Traffic flow simulation software

PTV Vissim is a microscopic multi-modal traffic flow simulation software package developed by PTV Planung Transport Verkehr AG in Karlsruhe, Germany. It was first developed in 1992. The name is derived from "Verkehr In Städten - SIMulationsmodell" (German for "Traffic in cities - simulation model").

==Scope of application==
The scope of application ranges from various issues of traffic engineering (transport engineering, transportation planning, signal timing), public transport, urban planning over fire protection (evacuation simulation) to 3d visualization (computer animation, architectural animation) for illustrative purpose and communication to the general public.

PTV Vissim is part of the PTV Vision Traffic Suite which also includes PTV Visum (traffic analysis and forecasting) and PTV Vistro (signal optimisation and traffic impact).

==Modeling==
===Microscopic simulation===
The basic traffic model ruling the movement of vehicles was developed by Rainer Wiedemann in 1974 at Karlsruhe University. It is a car-following model that considers physical and psychological aspects of the drivers.

The model underlying pedestrian dynamics is the Social Force Model by Dirk Helbing et al. from 1995.

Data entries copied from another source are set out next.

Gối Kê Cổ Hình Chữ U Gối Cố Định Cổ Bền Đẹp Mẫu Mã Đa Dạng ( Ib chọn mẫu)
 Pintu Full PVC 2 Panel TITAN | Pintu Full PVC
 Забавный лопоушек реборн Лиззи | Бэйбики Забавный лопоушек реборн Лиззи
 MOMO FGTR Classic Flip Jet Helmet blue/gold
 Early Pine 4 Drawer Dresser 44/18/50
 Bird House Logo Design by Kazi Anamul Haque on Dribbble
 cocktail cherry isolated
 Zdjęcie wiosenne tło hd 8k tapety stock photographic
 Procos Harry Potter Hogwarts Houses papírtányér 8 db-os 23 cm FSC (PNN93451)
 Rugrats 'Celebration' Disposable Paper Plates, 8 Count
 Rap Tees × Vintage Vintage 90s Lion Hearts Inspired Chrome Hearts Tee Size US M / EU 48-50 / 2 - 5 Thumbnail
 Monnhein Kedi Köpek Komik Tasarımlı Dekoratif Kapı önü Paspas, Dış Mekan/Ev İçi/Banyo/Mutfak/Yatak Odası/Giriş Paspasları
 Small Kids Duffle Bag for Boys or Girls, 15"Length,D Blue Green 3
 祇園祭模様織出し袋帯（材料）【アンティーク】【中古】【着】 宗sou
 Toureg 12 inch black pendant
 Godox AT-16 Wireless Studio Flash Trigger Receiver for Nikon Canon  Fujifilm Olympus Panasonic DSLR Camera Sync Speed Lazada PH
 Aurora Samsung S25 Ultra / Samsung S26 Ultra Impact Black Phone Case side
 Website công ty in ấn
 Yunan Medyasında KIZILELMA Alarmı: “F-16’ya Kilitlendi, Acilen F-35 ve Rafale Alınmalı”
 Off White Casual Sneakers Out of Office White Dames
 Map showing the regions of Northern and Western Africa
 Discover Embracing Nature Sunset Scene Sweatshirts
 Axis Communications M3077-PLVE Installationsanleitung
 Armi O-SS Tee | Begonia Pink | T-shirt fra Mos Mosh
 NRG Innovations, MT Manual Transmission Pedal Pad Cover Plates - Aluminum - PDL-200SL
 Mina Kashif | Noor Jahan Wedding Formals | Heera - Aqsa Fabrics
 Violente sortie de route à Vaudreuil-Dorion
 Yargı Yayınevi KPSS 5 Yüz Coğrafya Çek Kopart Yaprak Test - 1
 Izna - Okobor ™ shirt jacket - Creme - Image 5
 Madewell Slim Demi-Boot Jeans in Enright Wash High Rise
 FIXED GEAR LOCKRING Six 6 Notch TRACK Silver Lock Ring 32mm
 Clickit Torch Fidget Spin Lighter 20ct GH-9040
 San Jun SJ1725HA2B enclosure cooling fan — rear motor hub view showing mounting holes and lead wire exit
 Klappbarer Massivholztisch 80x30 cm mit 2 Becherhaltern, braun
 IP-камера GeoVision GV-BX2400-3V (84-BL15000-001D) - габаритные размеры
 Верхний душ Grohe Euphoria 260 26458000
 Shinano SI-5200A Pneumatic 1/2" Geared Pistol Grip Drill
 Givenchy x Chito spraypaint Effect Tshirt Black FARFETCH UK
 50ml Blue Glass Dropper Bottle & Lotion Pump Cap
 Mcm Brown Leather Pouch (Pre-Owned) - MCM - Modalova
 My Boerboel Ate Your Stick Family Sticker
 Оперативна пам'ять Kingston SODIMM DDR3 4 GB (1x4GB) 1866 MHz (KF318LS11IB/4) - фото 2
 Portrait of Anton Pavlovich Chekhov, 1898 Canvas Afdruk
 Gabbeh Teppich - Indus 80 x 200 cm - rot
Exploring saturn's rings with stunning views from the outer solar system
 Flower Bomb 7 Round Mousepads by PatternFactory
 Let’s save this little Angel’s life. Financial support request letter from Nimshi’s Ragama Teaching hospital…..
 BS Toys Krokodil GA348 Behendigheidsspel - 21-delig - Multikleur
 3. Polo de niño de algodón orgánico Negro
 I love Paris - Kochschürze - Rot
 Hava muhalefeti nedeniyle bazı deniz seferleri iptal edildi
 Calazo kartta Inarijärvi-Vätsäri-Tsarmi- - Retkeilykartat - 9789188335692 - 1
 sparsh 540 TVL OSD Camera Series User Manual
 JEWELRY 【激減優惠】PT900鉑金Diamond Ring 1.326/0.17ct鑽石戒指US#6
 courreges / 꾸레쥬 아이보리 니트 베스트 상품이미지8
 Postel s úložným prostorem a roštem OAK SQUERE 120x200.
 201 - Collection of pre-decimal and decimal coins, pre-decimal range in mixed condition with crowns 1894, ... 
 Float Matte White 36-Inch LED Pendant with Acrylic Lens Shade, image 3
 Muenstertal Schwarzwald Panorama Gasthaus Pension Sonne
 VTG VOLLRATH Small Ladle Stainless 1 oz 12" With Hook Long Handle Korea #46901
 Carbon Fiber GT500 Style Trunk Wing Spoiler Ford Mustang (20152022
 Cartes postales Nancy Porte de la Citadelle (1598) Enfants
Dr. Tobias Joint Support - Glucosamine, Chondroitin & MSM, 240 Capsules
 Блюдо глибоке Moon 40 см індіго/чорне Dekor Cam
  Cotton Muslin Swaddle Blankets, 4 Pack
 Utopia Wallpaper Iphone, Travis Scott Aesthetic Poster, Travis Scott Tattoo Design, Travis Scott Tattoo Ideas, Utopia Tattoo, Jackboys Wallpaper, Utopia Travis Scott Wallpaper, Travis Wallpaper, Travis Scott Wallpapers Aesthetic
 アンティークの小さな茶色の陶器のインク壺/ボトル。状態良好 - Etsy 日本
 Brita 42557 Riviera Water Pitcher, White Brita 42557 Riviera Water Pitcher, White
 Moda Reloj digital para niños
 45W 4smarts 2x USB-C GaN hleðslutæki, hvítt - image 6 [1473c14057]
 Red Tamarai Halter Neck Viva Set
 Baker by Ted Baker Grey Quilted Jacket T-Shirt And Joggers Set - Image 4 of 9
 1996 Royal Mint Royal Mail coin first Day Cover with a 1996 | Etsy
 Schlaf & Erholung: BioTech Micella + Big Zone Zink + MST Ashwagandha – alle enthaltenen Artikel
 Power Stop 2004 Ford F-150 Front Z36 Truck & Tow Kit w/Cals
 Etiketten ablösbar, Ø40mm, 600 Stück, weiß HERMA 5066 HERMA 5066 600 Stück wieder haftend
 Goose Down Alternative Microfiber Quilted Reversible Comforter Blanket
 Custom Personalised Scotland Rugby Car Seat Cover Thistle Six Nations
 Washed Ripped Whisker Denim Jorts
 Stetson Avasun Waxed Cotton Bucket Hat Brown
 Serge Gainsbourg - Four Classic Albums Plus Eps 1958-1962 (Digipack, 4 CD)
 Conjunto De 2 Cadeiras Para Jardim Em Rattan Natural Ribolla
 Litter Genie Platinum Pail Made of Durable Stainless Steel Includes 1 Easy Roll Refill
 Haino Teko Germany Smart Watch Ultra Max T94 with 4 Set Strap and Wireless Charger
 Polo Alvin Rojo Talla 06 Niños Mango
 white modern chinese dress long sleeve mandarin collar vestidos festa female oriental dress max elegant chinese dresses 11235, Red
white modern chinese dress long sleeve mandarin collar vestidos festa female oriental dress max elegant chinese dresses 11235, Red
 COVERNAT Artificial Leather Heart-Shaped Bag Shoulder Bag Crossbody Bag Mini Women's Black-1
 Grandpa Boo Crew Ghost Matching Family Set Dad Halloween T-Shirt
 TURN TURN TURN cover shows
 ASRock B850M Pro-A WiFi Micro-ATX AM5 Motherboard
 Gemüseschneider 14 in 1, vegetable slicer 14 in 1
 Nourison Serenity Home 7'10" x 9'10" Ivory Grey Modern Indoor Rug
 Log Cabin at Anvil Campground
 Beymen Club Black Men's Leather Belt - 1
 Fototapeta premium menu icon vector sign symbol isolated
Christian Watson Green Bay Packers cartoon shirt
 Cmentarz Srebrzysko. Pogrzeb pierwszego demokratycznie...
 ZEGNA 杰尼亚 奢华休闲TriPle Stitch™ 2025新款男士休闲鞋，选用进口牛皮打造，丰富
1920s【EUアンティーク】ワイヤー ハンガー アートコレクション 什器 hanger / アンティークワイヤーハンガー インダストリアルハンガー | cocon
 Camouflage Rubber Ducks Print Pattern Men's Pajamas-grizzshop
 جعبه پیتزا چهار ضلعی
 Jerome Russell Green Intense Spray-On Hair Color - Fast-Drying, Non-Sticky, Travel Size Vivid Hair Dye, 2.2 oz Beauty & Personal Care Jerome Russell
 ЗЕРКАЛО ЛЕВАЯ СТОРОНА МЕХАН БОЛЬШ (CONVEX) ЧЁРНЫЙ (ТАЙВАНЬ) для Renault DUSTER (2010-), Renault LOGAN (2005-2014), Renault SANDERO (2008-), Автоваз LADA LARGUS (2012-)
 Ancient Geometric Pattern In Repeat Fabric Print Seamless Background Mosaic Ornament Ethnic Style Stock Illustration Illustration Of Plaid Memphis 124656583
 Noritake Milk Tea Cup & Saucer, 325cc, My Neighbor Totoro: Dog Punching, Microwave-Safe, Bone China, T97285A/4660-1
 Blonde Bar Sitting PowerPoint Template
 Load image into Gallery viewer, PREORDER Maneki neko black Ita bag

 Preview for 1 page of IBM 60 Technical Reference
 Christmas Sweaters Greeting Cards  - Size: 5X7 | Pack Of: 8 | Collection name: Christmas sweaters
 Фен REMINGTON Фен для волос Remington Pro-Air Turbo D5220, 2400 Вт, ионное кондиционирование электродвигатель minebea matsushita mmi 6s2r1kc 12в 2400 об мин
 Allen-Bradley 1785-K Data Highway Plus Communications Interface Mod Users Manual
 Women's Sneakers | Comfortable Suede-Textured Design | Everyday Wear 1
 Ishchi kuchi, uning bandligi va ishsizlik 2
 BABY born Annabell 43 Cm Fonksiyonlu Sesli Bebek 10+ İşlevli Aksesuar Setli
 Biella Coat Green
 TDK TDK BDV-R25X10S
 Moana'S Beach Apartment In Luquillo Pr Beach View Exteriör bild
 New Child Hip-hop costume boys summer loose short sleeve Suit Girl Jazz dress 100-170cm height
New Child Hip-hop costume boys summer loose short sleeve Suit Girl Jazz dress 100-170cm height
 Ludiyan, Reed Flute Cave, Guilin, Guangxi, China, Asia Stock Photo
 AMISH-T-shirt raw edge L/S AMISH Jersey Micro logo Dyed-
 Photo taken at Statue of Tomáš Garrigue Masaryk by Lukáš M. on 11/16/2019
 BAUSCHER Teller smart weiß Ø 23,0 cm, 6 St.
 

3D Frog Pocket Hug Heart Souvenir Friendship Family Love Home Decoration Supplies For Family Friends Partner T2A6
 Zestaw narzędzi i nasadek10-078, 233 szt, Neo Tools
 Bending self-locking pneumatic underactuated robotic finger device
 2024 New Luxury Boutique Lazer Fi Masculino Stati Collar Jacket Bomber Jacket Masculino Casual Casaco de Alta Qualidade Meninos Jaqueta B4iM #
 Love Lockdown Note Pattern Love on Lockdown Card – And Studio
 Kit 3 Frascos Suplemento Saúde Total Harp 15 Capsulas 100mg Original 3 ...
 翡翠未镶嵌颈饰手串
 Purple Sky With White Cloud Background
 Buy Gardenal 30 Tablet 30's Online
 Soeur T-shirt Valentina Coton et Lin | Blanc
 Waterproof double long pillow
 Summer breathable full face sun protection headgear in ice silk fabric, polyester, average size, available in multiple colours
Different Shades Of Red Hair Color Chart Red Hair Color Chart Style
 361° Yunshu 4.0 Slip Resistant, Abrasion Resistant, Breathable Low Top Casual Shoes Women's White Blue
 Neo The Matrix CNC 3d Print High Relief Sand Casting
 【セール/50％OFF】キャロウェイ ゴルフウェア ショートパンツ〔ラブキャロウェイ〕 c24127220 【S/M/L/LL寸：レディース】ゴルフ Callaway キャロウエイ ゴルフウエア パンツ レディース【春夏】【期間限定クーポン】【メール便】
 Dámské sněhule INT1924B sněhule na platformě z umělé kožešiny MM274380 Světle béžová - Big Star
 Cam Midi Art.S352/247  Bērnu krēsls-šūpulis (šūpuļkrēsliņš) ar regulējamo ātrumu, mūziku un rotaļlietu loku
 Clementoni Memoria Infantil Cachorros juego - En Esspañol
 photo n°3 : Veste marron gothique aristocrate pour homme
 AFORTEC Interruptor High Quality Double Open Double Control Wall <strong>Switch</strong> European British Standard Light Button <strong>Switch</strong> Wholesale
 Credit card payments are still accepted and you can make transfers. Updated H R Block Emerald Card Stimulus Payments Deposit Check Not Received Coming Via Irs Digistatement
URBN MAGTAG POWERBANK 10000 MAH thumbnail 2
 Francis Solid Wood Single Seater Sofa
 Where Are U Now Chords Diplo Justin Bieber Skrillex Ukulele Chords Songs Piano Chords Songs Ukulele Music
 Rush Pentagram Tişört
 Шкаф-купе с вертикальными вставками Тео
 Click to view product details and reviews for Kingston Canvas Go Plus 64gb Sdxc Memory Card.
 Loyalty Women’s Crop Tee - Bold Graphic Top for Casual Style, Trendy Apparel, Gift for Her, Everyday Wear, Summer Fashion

"Microscopic simulation", sometimes called microsimulation, means each entity (car, train, person) of reality is simulated individually, i.e. it is represented by a corresponding entity in the simulation, thereby considering all relevant properties. The same holds for the interactions between the entities. The opposite would be a "macroscopic simulation", in which the description of reality is shifted from individuals to "averaged" variables like flow and density. The corresponding product from the same manufacturer is called Visum.

===Transport modes===
In Vissim, the following types of traffic can be simulated and mutually interact:
- Vehicles (cars, buses, and trucks)
- Public transport (trams, buses)
- Cycles (bicycles, motorcycles)
- Pedestrians
- Rickshaws

===Vehicle interactions===
In VISSIM, all vehicles run along links, which represent traffic moving in one direction only along a road. Links are joined together with Connectors.

Vehicle conflict points such as yielding or merging at junctions must be modeled explicitly using Priority Rules, Conflict Areas or Signal Heads.

Signals can be modeled with fixed-time plans, or various modules such as VAP (Vehicle Actuated Programming) are available to model on-demand signals and other types of control and coordination.